No tenemos que ir muy lejos para darnos cuenta. Podemos ver el ejemplo de amigos o familiares quienes estuvieron en una posición privilegiada, y al fracasar y ya no tener cierto status económico o social, son tratados de una manera diferente. También pasa a la inversa. Personas que se tratan como si fueran cualquier cosa, y luego, el panorama cambia cuando obtienen cierta posición o éxito profesional acompañado de “billete”.

El dueño de la empresa para la cual yo trabajé por última vez en mi natal República Dominicana, fue apresado injustamente gracias a la decisión estúpida de un ex presidente. “Todo el mundo” quería estar al lado del dueño de la compañía y anunciaban muy orgullosos cuando se iban a juntar con él. Daba gusto trabajar en las empresas que él dirigía, algunas manejadas perfectamente por otros de sus familiares. Empleaba a miles de personas, apoyaba causas sociales  y trajo innovación a los distintos medios de comunicación que presidía. Gracias a ello, mi transición a la forma de trabajo en la televisión de Estados Unidos fue mucho más fácil.

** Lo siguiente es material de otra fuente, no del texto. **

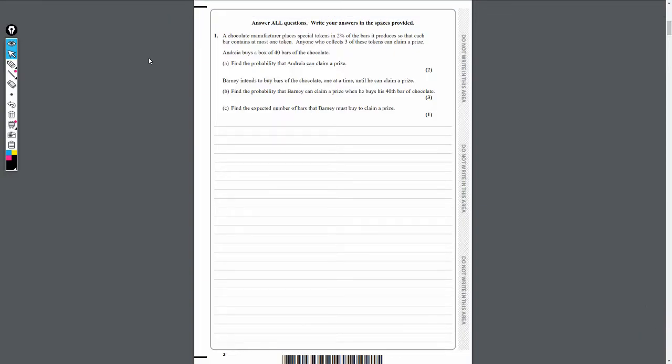Today we're going to be walking through the new June 2019 Further Stats 1 exam paper. This is for the full A level, not the AS paper, but I will be doing the AS paper eventually, so be sure to check that out. We're looking at question one — there are seven questions in total for this paper. Overall it wasn't too bad of a paper, and question one is a very nice introduction.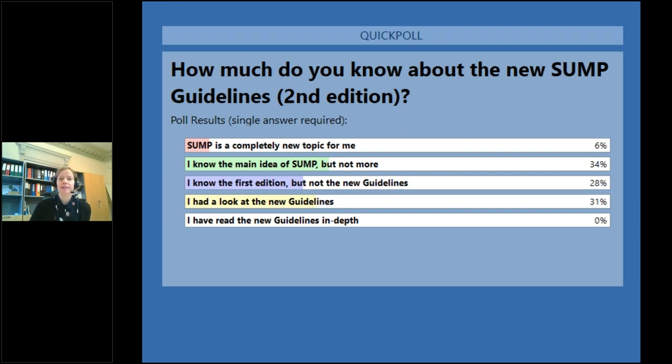I will give the floor now to Lasse, who will present the second edition of the guidelines. Thank you for the introduction, Maja.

Pero luego de que fue apresado, nadie hablaba del banquero. Apenas algunas escasas personas preguntamos sobre él y nos preocupamos por él. Ya casi nadie lo menciona de forma favorable. Si no, que le ponen adjetivos negativos que no van con la realidad.

Lo mismo pasó con aquella foto de Michael Phelps, y el anuncio del uso de esteroides por parte de Alex Rodríguez. Muchos han hecho leña del árbol caído. Los llaman estúpidos, tramposos y le hacen eco a esos medios de comunicación que actúan muchas veces de una forma muy poco profesional.

¿Es eso lo que le queremos enseñar a los niños y jóvenes que vienen creciendo? ¿Que pisoteen a los que cometen errores? Al contrario, le deberíamos enseñar a perdonar, a que en la vida se cometen errores, que hay que apoyar a los caídos y no pisotearlos porque el mundo da muchas vueltas y un día estás arriba y el otro abajo. Obviamente, eso viene acompañado de un límite.

Muchas personas hablan mal de aquellos que cometen ciertos errores. Como si los humanos fuéramos perfectos.  Y yo pregunto, ¿y la lealtad qué? ¿Y la lealtad qué caramba? ¿Y la lealtad qué?